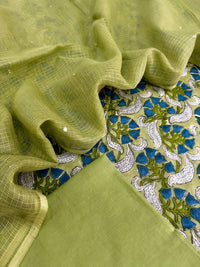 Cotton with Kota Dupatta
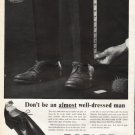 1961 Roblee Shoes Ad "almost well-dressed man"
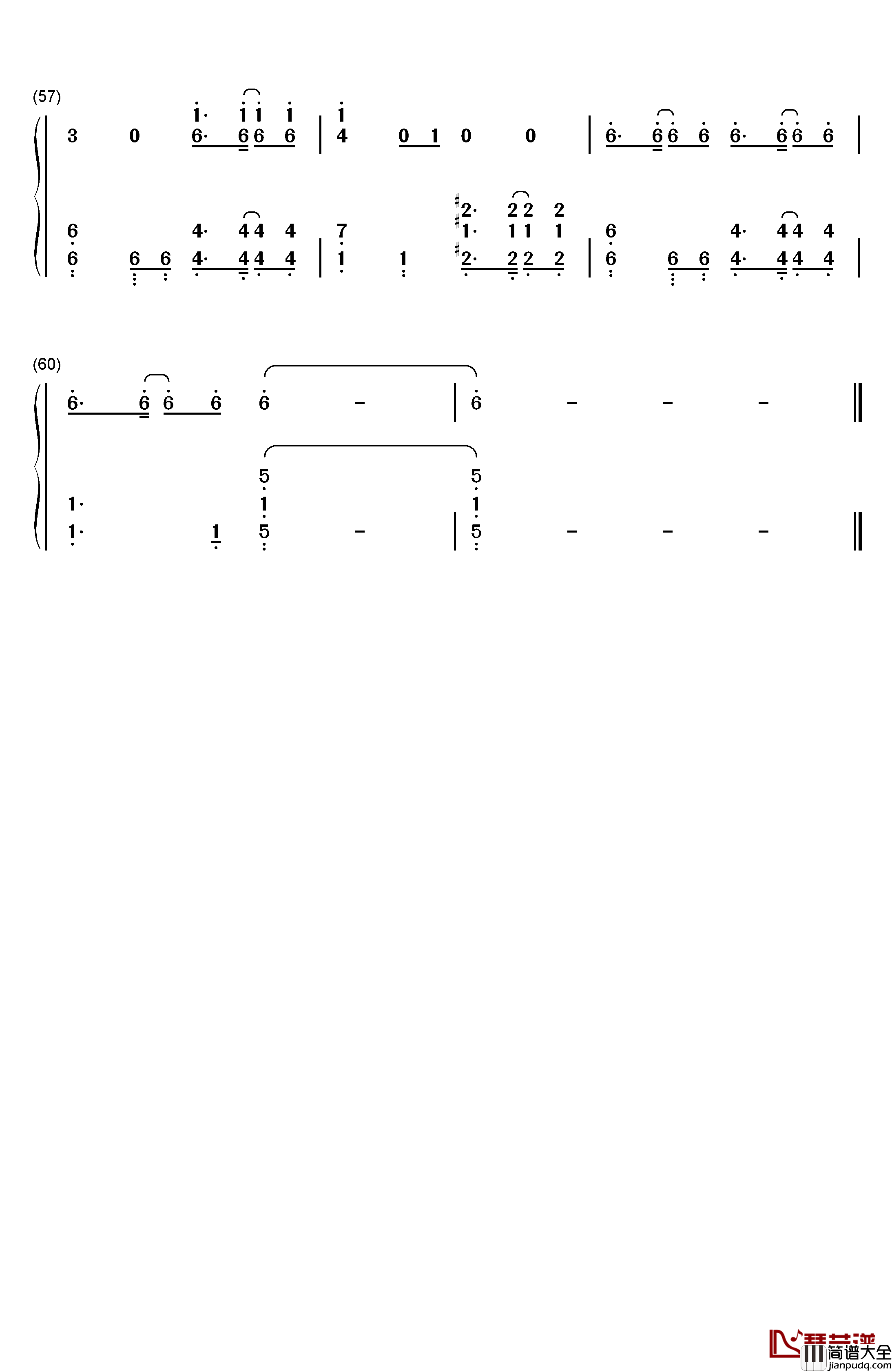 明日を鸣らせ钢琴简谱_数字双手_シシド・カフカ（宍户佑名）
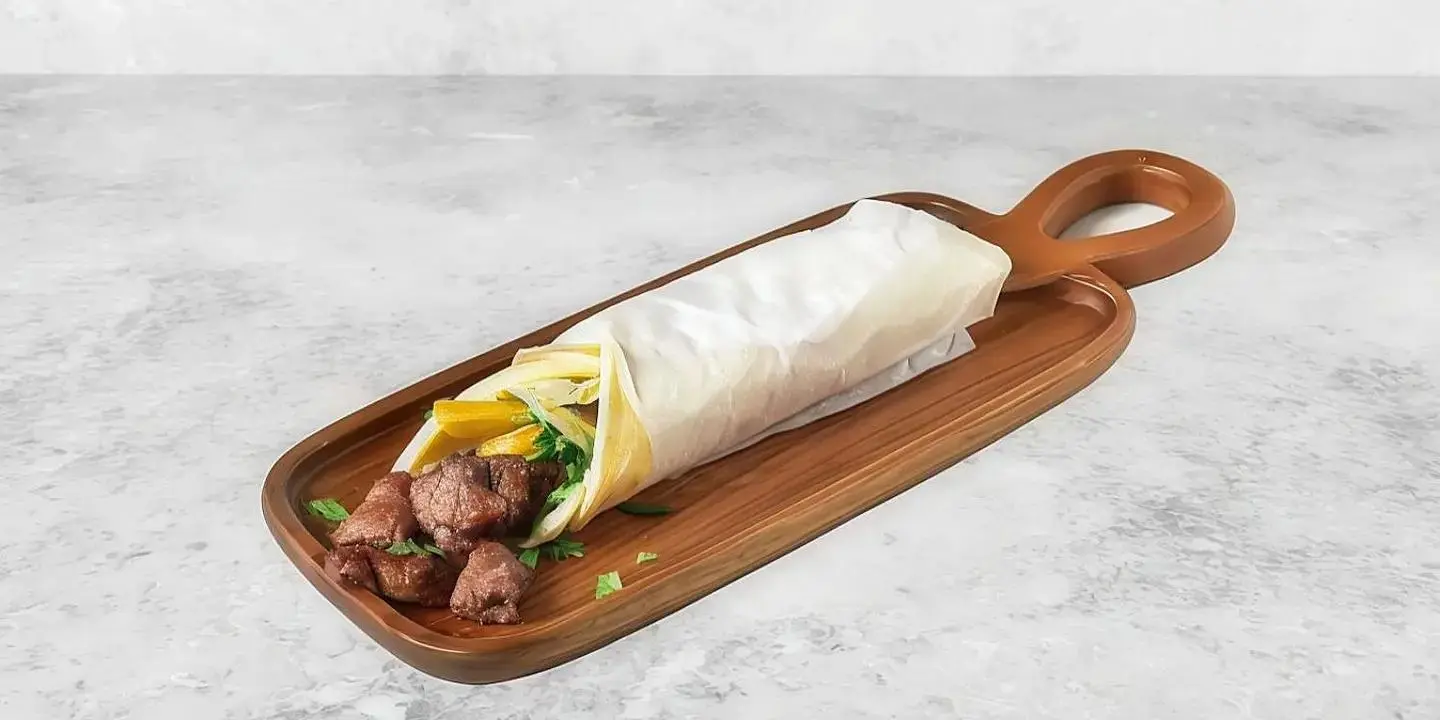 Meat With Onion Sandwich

- - - - -

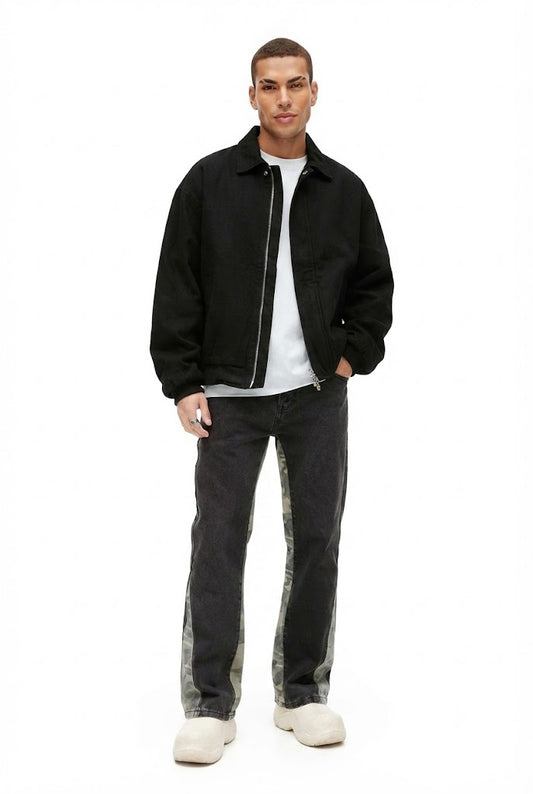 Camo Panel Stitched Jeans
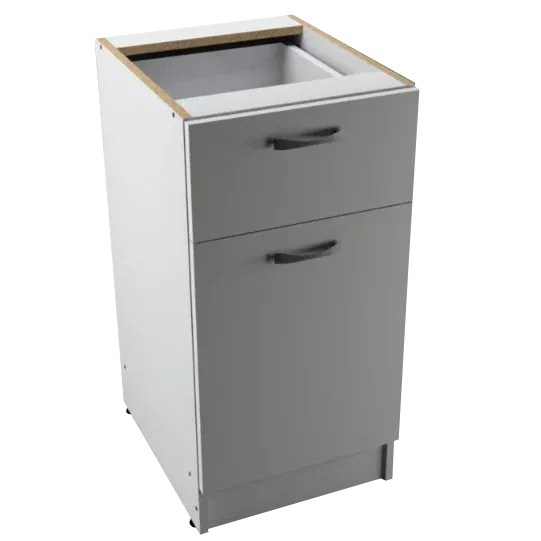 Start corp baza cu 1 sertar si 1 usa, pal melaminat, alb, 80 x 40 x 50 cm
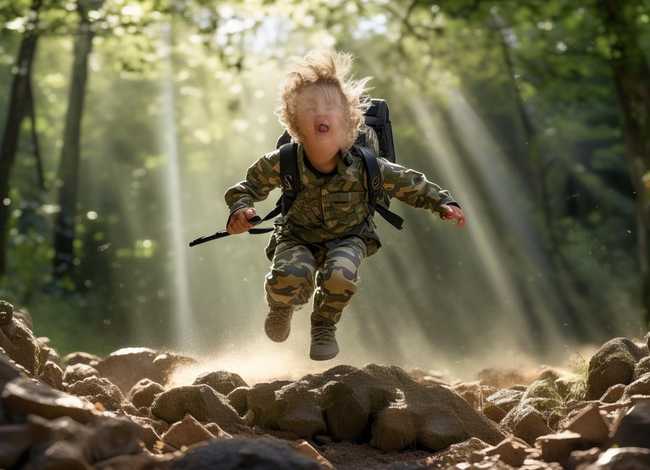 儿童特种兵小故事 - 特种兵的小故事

- - - - -

» WORK ORDER
In the records above, everything from the line with "1961 Roblee Shoes" down to the line with "Meat With Onion Sandwich" must be duplicated exactly, both lines kept. Leave no pictures in.

» RESULT BELOW
 1961 Roblee Shoes Ad "almost well-dressed man"
 明日を鸣らせ钢琴简谱_数字双手_シシド・カフカ（宍户佑名）
 Meat With Onion Sandwich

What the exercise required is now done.